There is something about Anne Garrels' reporting that makes me understand even the most incomprehensible story. Like her conversation with Steve Inskeep this morning. They discuss the escalating cycle of violence in Iraq between and among Sunnis and Shiites, and Steve asks the question, "Is this a civil war?" Anne pulls back the focus and shows the big picture: that while it is Iraqis fighting Iraqis, "there's a reluctance to label it as [a civil war] because this could cement a situation which some hope can still be stopped."
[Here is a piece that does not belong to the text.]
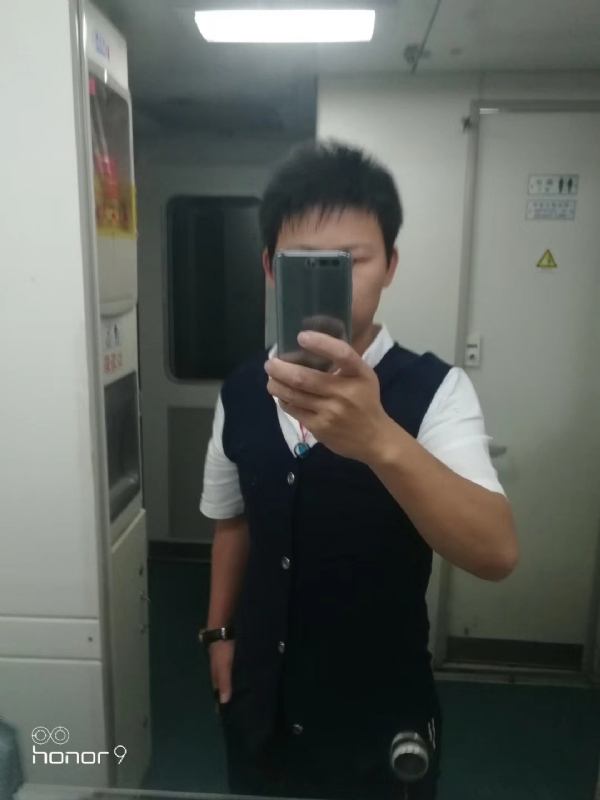 阳光下de幸福的第一张照片--临沂相亲服务中心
Of course, NPR's Iraq coverage would be nothing without the amazing work of Iraqi reporters in the field. They are much more mobile, know the culture and speak the language fluently. But that is not to say that they don't take great risks to bring you and me the news every day. This morning Anne described the experiences of one of NPR's Iraqi stringers (whose name we intentionally omit). He witnessed an assassination in Basra and the shocking nonchalance of the killers. Here is the eloquent and terrifying letter from that reporter:
"There is a car in Basra feared by all the people in the city. We call the car 'Bata' — in English it is 'Swan.' The story of Bata is a horrible one. We all know to avoid the car with black-tinted windows and four armed people inside. Another car always follows, with more invisible ghosts sitting inside.
"The governor of Basra has awarded 20 million Iraqi dinars to anyone with information about Bata. Local songs and jokes tell a warning tale of Bata and when you hear news of another assassination, you ask, 'Is Bata behind this?' Ninety percent of the time, the answer is yes."